(Caption-style text data)
- - - - - - -
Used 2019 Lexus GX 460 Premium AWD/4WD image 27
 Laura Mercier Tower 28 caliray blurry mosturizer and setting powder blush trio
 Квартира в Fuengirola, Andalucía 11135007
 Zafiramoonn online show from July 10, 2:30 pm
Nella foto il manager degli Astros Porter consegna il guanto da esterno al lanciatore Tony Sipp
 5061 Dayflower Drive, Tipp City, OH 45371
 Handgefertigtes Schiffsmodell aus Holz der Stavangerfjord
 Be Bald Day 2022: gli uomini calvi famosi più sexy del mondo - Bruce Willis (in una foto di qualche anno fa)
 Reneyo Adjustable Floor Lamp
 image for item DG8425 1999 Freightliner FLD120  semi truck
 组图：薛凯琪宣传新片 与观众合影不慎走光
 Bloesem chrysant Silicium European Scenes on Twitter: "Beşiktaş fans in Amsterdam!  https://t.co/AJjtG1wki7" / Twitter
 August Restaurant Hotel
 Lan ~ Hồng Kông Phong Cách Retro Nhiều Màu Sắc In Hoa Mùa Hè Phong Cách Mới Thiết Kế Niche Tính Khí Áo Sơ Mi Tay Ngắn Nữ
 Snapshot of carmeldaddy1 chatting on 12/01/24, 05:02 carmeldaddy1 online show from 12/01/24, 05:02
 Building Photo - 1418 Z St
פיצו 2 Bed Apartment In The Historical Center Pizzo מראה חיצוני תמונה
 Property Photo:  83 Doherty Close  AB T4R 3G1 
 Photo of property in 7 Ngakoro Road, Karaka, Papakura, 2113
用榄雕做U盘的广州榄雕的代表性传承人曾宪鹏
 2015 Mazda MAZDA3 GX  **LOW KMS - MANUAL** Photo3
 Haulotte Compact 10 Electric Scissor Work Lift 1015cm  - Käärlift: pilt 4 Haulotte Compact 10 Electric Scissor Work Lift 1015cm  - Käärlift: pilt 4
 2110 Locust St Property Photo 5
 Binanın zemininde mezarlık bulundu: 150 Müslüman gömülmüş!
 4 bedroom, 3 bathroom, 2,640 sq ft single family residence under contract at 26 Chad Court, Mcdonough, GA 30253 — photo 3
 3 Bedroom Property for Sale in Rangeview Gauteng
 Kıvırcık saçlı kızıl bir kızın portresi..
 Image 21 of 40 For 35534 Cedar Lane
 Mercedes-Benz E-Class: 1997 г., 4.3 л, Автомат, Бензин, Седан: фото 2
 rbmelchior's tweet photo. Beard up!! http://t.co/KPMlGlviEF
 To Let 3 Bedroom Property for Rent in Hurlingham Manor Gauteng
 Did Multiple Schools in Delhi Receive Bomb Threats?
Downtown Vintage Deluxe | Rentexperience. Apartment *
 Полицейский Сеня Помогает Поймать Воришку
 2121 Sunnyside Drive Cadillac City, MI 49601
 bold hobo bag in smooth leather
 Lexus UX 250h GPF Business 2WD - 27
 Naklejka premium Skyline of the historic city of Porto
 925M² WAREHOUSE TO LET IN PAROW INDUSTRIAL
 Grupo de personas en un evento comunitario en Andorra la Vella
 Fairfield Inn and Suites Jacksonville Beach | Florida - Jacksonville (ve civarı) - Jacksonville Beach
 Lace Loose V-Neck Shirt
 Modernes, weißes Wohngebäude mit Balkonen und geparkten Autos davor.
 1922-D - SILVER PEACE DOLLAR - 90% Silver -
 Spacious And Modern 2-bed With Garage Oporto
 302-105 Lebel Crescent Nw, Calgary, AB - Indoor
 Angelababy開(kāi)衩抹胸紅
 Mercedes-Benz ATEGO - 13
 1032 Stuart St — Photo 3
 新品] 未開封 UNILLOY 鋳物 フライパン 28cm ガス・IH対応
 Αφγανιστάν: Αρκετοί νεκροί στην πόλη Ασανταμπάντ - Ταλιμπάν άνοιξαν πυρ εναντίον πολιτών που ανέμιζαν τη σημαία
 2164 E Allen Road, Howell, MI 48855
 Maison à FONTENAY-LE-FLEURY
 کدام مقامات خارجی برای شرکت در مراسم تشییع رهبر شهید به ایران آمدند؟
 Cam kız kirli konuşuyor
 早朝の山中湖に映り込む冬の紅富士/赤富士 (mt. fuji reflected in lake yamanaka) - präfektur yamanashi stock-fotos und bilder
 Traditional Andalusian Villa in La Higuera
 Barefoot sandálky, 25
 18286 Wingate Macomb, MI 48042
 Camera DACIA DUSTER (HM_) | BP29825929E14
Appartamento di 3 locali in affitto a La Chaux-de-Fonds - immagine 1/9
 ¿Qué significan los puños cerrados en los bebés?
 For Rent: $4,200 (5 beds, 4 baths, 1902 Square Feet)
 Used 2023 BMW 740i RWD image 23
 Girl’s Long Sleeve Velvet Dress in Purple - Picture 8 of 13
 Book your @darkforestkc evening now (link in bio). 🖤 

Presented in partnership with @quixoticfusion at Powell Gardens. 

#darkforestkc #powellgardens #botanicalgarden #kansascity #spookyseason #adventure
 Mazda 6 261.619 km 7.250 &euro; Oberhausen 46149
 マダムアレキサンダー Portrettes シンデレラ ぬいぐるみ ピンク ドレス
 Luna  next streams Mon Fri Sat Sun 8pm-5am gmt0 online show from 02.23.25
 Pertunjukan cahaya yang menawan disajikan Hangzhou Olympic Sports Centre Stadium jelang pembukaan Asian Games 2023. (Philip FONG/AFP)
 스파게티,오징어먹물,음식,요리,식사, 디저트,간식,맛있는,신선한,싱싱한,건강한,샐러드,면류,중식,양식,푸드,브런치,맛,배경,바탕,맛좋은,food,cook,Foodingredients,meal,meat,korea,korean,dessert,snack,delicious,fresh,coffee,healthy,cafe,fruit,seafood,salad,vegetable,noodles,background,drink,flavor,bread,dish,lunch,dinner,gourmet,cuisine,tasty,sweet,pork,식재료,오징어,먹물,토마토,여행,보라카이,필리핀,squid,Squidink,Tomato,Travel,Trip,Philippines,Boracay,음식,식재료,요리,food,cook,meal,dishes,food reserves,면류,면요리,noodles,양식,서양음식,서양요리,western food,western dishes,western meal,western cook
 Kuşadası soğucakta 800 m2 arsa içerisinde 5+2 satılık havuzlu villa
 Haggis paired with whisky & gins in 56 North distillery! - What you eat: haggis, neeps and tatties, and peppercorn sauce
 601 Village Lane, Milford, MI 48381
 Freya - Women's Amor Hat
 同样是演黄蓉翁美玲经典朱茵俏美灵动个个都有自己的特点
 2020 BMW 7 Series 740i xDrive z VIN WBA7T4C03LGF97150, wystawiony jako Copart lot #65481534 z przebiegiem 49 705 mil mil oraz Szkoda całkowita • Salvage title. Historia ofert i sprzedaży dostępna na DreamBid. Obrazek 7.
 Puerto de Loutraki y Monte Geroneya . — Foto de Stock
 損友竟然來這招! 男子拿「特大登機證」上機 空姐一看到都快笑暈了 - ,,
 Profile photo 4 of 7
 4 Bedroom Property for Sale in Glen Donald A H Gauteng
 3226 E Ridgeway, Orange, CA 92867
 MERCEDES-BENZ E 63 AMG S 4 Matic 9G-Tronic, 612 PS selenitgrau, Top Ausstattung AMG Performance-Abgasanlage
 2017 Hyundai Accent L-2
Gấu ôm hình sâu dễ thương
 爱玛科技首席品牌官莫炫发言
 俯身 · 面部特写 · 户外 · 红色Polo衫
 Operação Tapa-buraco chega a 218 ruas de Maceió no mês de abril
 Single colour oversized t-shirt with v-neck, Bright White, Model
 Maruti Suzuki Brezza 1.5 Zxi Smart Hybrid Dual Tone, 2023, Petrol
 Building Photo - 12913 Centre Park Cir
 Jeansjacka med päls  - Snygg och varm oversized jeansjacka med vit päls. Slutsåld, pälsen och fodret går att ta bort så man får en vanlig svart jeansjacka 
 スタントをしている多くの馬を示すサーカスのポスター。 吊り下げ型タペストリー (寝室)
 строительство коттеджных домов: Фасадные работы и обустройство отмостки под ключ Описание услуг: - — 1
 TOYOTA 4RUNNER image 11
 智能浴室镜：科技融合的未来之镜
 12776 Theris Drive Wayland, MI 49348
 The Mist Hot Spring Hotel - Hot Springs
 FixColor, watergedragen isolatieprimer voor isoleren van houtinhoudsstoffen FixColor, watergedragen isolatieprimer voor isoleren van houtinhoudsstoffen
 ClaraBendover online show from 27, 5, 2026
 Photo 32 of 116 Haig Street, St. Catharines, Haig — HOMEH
- - - - - - -
ASSIGNMENT: Your answer must consist solely of the lines above between the line holding "Image 21 of 40 For 35534 Cedar Lane" and the line holding "Lace Loose V-Neck Shirt", inclusive, copied exactly.

ANSWER:
 Image 21 of 40 For 35534 Cedar Lane
 Mercedes-Benz E-Class: 1997 г., 4.3 л, Автомат, Бензин, Седан: фото 2
 rbmelchior's tweet photo. Beard up!! http://t.co/KPMlGlviEF
 To Let 3 Bedroom Property for Rent in Hurlingham Manor Gauteng
 Did Multiple Schools in Delhi Receive Bomb Threats?
Downtown Vintage Deluxe | Rentexperience. Apartment *
 Полицейский Сеня Помогает Поймать Воришку
 2121 Sunnyside Drive Cadillac City, MI 49601
 bold hobo bag in smooth leather
 Lexus UX 250h GPF Business 2WD - 27
 Naklejka premium Skyline of the historic city of Porto
 925M² WAREHOUSE TO LET IN PAROW INDUSTRIAL
 Grupo de personas en un evento comunitario en Andorra la Vella
 Fairfield Inn and Suites Jacksonville Beach | Florida - Jacksonville (ve civarı) - Jacksonville Beach
 Lace Loose V-Neck Shirt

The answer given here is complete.